O relatório-síntese confirma dados anteriores: para o mundo se manter dentro do limite de 1,5 graus Celsius, as emissões globais de gases com efeito de estufa precisam de ser reduzidas em pelo menos 43% até 2030, em comparação com os níveis de 2019, e em pelo menos 60% até 2035. Quanto mais tempo for necessário até que as emissões globais recuem, maiores serão as necessidades de reduções posteriores.

“A ciência diz que temos de agir rapidamente e que o objetivo ainda pode ser alcançado. É uma questão de vontade política fazê-lo, e não de barreiras tecnológicas ou financeiras“, aponta a associação ambientalista Zero, em comunicado, sublinhando que “os próximos sete anos são essenciais para decidir o nosso destino“. Na mesma nota, a associação refere que a diferença entre 1,5 e 2 graus não é de 0,5, mas sim na gravidade dos impactos que “seriam duas vezes piores ou mais para muito riscos”. Nomeadamente, acesso à água potável e perda de biodiversidade.

“Se ultrapassarmos 1,5 graus de aquecimento global, não é literalmente o fim do mundo, mas o mundo parecerá muito diferente. Cada fração de grau conta e precisamos trabalhar muito, independentemente de onde estivermos”, apontam.

Mas apesar dos alertas, o documento reflete sobre o objetivo de manter o aquecimento global abaixo dos 1,5 graus Celsius reconhecendo que este é difícil, mas exequível. “O relatório identifica soluções testadas e verificadas, mas precisam de ser escaladas e adaptadas a vários contextos e regiões“, explicou Hoesung Lee.

Além disso, o documento sublinha ser necessário aumentar o financiamento para proteger as regiões mais vulneráveis e que são incapazes de reunir mecanismos e ferramentas para se protegerem dos fenómenos climáticos.

Falando em “justiça”, o presidente do IPCC afirmou que “os [países] que menos contribuíram para as alterações climáticas são as mais vulneráveis“, dando a título de exemplo que estes países estão, pelo menos, 50 vezes mais expostos a cheias e tempestades. “É necessário aumentar o financiamento para proteger estes países em, pelo menos, seis vezes até 2030. As regiões mais vulneráveis não têm essa capacidade de financiamento”, vincou.

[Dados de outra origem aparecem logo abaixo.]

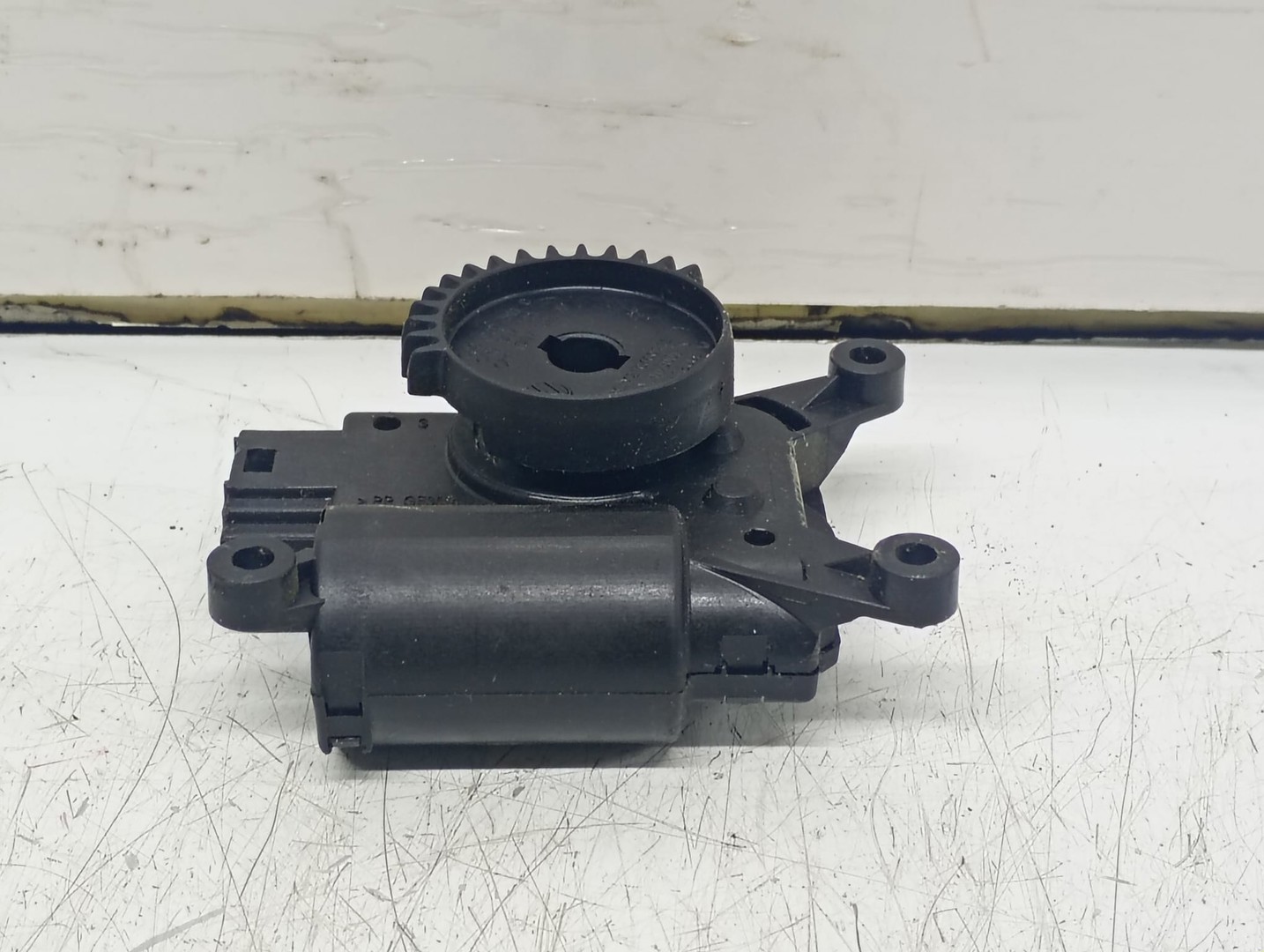 Motoras clapeta mixaj aer V326700290 Skoda Fabia NJ (2014 - 2018)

“A ciência é clara. Agora, precisamos de vontade política, de apoio público para tomar as ações necessárias para que os objetivos de neutralidade carbónica sejam realistas e ainda motivação pessoal para estarmos nessa trajetória. Estes três elementos são necessários para a ciência se refletir nas decisões políticas“, apelou Heusong Lee.

O Relatório-Síntese do Sexto Ciclo de Avaliação do IPCC incluiu três relatórios especiais (“Aquecimento Global de 1,5°C”, “Alterações Climáticas e Terra”, e ainda “O Oceano e a Criosfera num Clima em Mudança”) e mais recentemente, os relatórios dos três grupos de trabalho (“A Base Científica Física”, “Impactes, Adaptação e Vulnerabilidade” e ainda “Mitigação das Alterações Climáticas”). Um novo relatório é esperado para 2027/2028.